Mark and Luidmyla Portna are now safe in Hungary and speak with their daughter countless times a day. But before their refuge, Diana Portna says she had to plead with her parents to leave their home in Kyiv.
"Of course, that's the image in my head. That the bomb would choose exactly their house," she said. "I just told them that if you don't do it for yourselves, do it for me. Because I cannot do it anymore."
"We were very, very conflicted. We didn't want to leave. But we felt the danger from the sky. It was just unbelievable, rain of shells," Mark Portna said through Diana Portna's translation. "It's inhumane. What they're doing is inhumane...and cruel and they're just annihilating the people."
The couple finally agreed to abandon their home. But rather than endure the crush of desperate refugees packing track platforms trying to reach Poland and Moldova, the Portnas boarded a bus, sending them on a grueling 40-hour trip to Hungary. The Portnas say they spent the entirety of the journey praying.
The route was classified for the security of everyone on board. The bus was arranged by Ukraine Chief Rabbi Yaakov Bleich and American Friends of Kiev.
While they made their escape, the Portnas' thoughts were brimming with who and what they left behind, wondering if there would be anything left to return to, especially after seeing images of other cities decimated by Russian President Vladimir Putin's forces.
Diana Portna has a message to the outside world that only views the grim and gruesome destruction from a screen.
"It's worse than you think," she warned. "I catch myself constantly having a dialogue with Putin. 'Why are you still here? You can't be here. You can't do this to people. Who are you?'"
Diana Portna says Putin's reign of horror is a chilling reminder of what her grandparents and so many others went through during World War II.
"I was growing up with these stories and I thought I was living in a world where it would never happen again. And it happens again," she said.
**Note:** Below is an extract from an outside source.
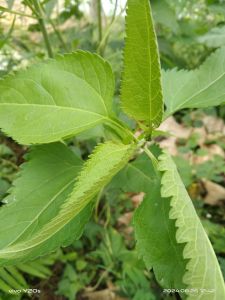 Daun kiriyuh obat herbal rempah2 100gram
But with the enormous weight of grief and pain, comes immense pride.
"We are so proud of our countrymen. Never thought they're so strong. And so as one," said Luidmyla Portna through Diana Portna's translation.
The Portna family says the United States and NATO need to impose a no-fly zone to safeguard civilians still in Ukraine. To date, they have resisted, fearing it could lead to war with Russia.